WHAT IS NEEDED - Would you output the lines from the one containing "3 pokoje z ogrodem 130 m² i kominkiem" through the final line of the entries, exactly and with pictures omitted?

Start of PROVIDED DATA

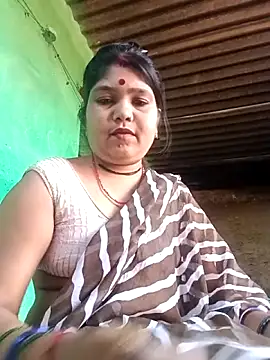 Priya tyagi online show from September 24, 2025, 6:50 am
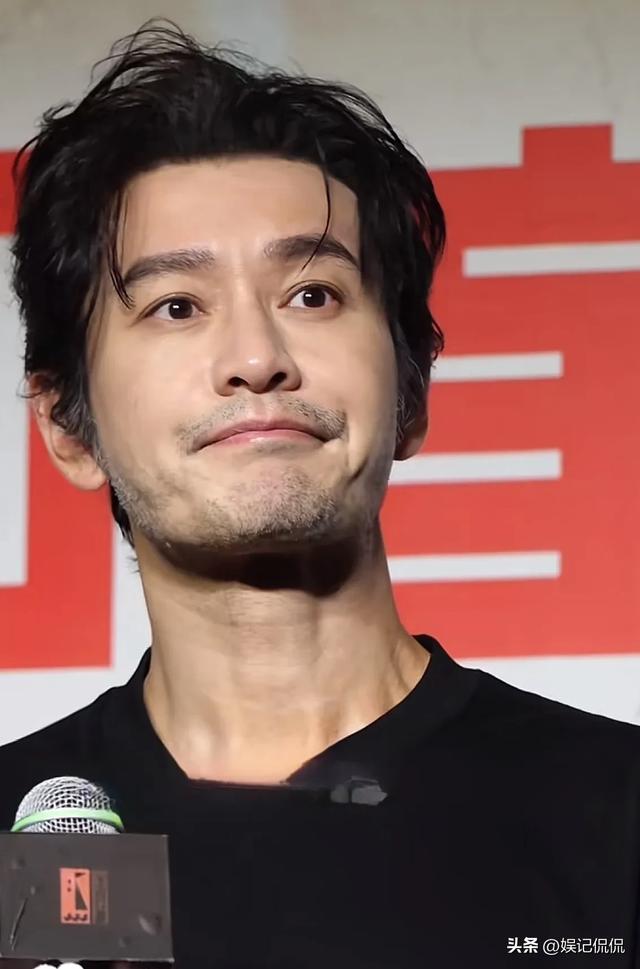 太惨了！黄晓明新电影已下架院线，票房仅400多w，坐高铁一脸愁容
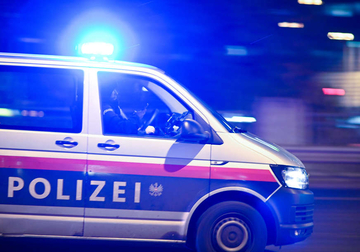Detalji horora u Austriji: Državljanku BiH bivši muž izbo šrafcigerom i ostavio u šumi, policija još traga za ubicom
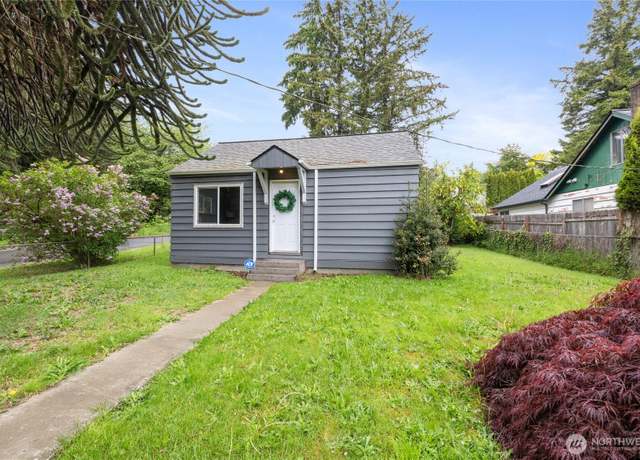 Property at 1140 Tacoma Ave, Port Orchard, WA 98366, 2 beds, 1 bath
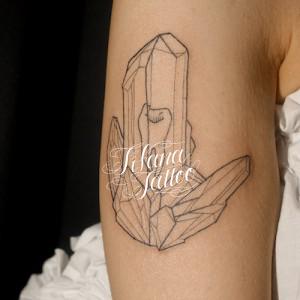 結晶と歯のタトゥー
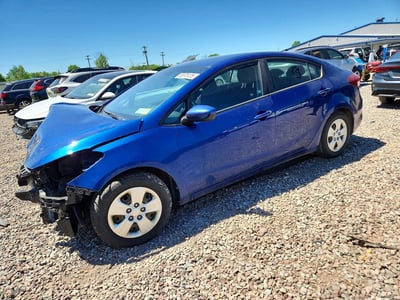 3KPFK4A73JE****** 2018 Kia Forte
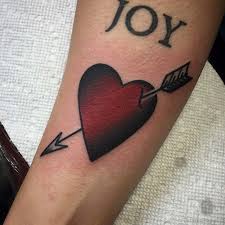 Designs such as a heart pierced with arrows expressive deep feelings of love and several elements can be incorporated with the tattoos for a richer expression. 60 Sweet Heart Tattoos For Wrist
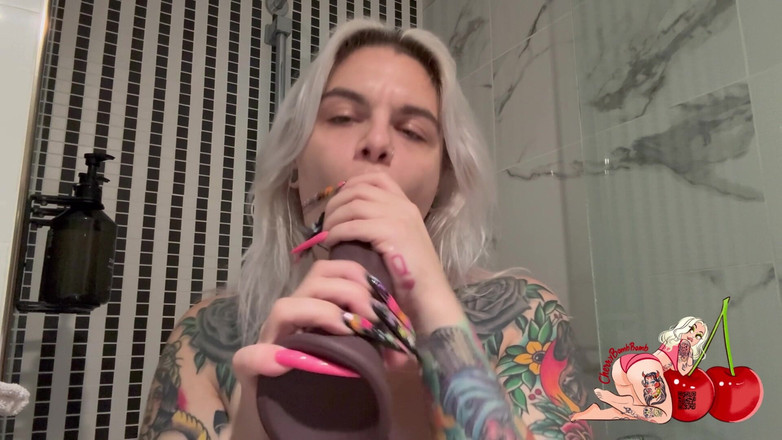 CherryBombBomb: POV mě Slintám na tobě ve sprše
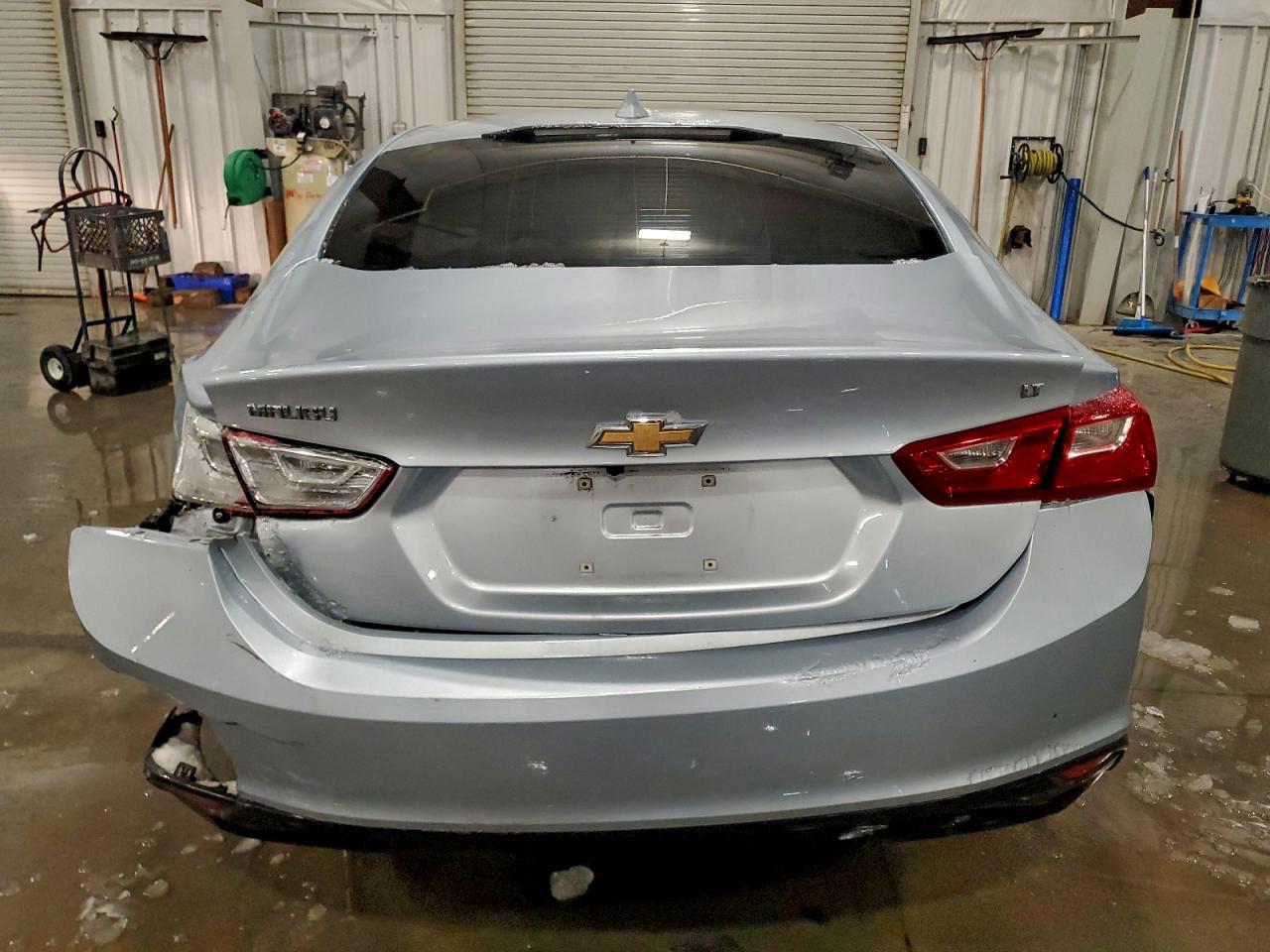 2017 CHEVROLET MALIBU LT photo 11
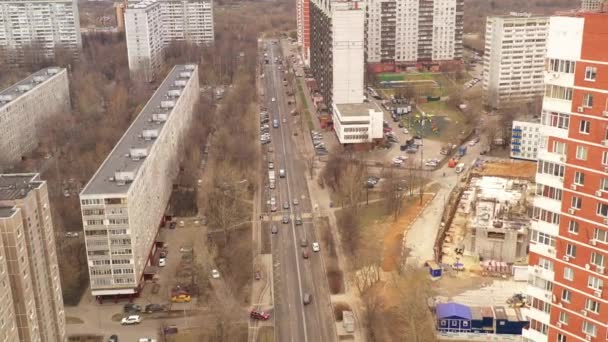 Panoramautsikt Över Vägkorsningar Och Motorvägar Bort Från Drönaren — Stockvideo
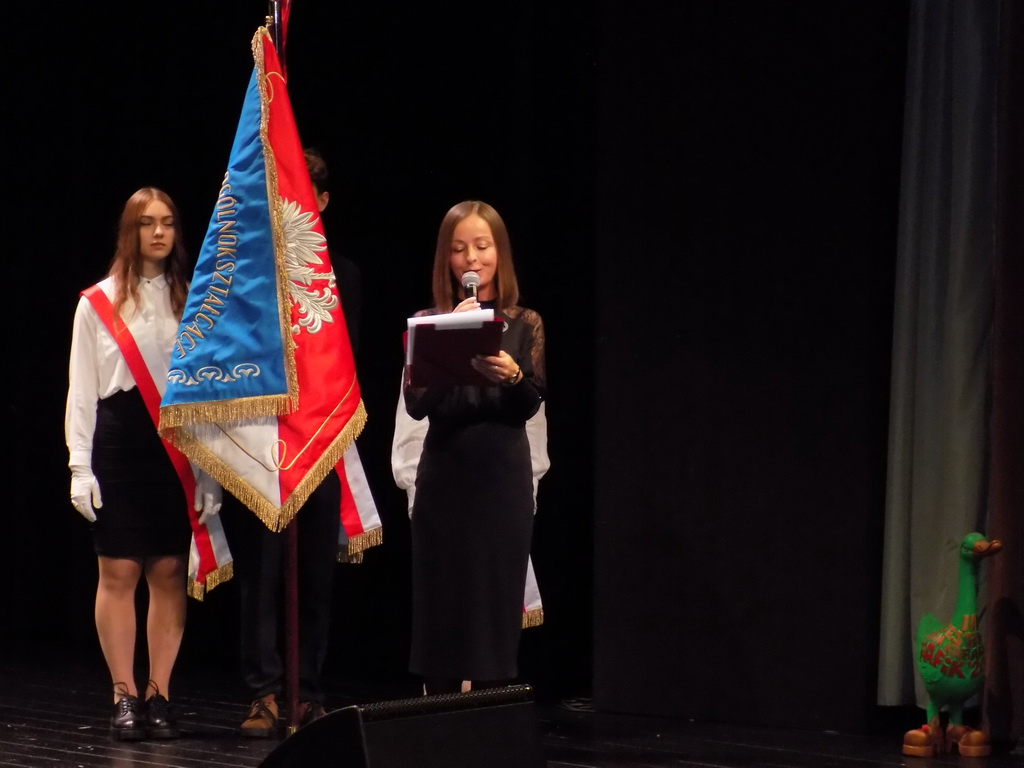 Zdjęcie 120-lecie_2LO (14)4a8fbb6f-9999-43eb-b169-e65bec5ba779.jpg w galerii 120-lecie II LO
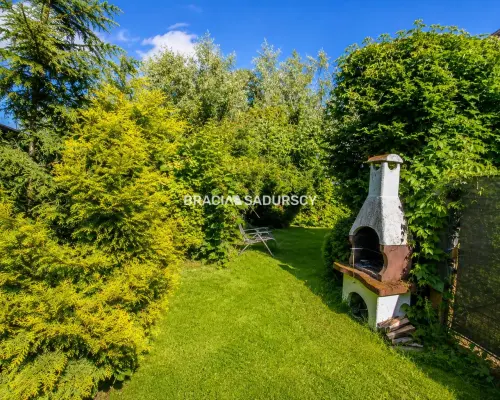3 pokoje z ogrodem 130 m² i kominkiem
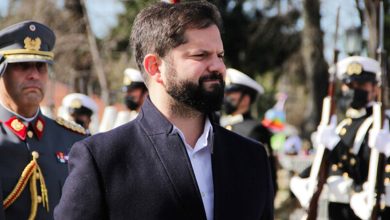 Retorno de Presidente Boric a Chile estaría en evaluación debido al sistema frontal: está monitoreando el fenómeno desde Europa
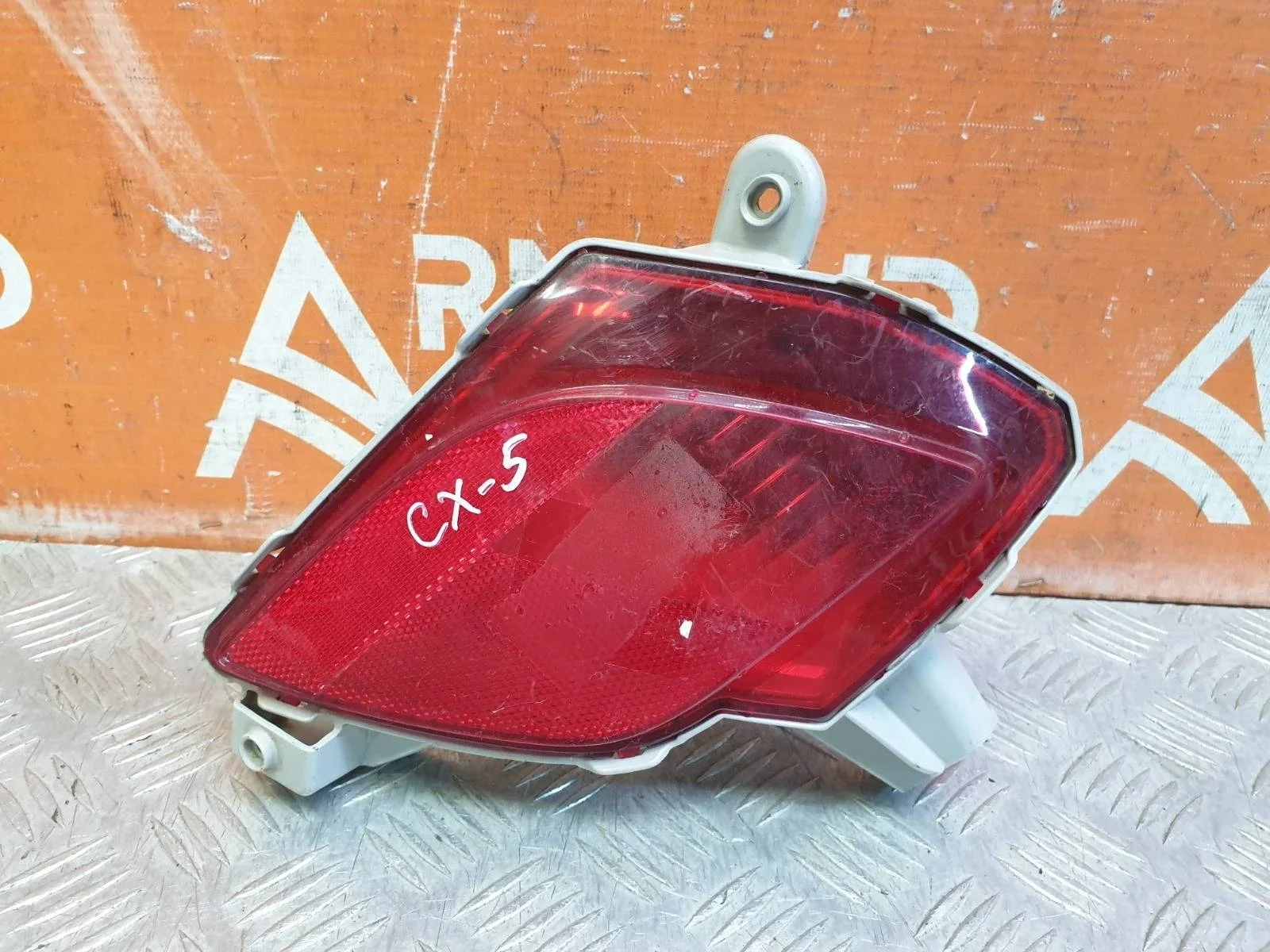 Отражатель Mazda CX-5 2011-2017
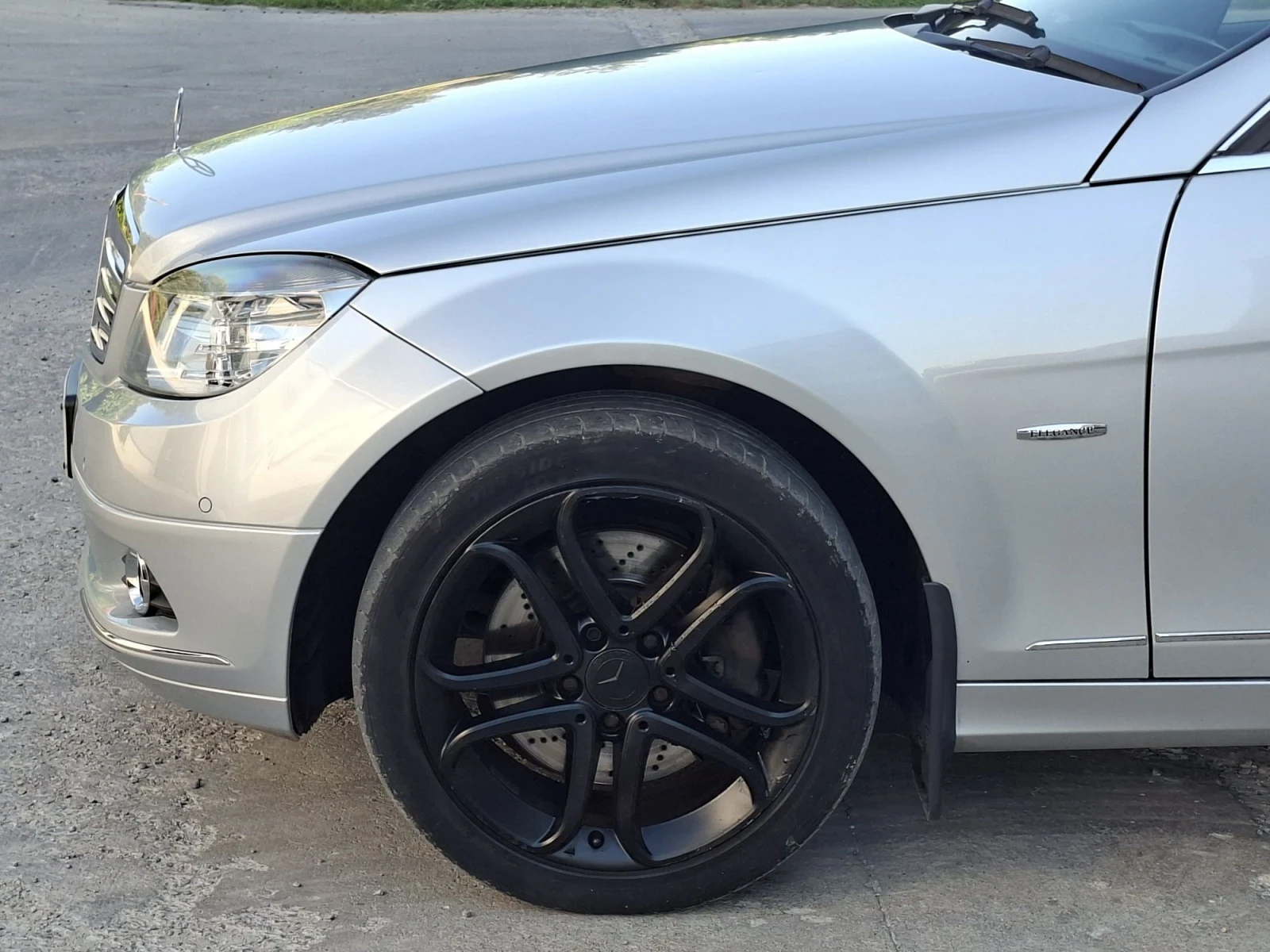 Mercedes-Benz C 320, снимка 6 - Автомобили и джипове - 55829377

End of PROVIDED DATA

EXPECTED ANSWER -
3 pokoje z ogrodem 130 m² i kominkiem
 Retorno de Presidente Boric a Chile estaría en evaluación debido al sistema frontal: está monitoreando el fenómeno desde Europa
 Отражатель Mazda CX-5 2011-2017
 Mercedes-Benz C 320, снимка 6 - Автомобили и джипове - 55829377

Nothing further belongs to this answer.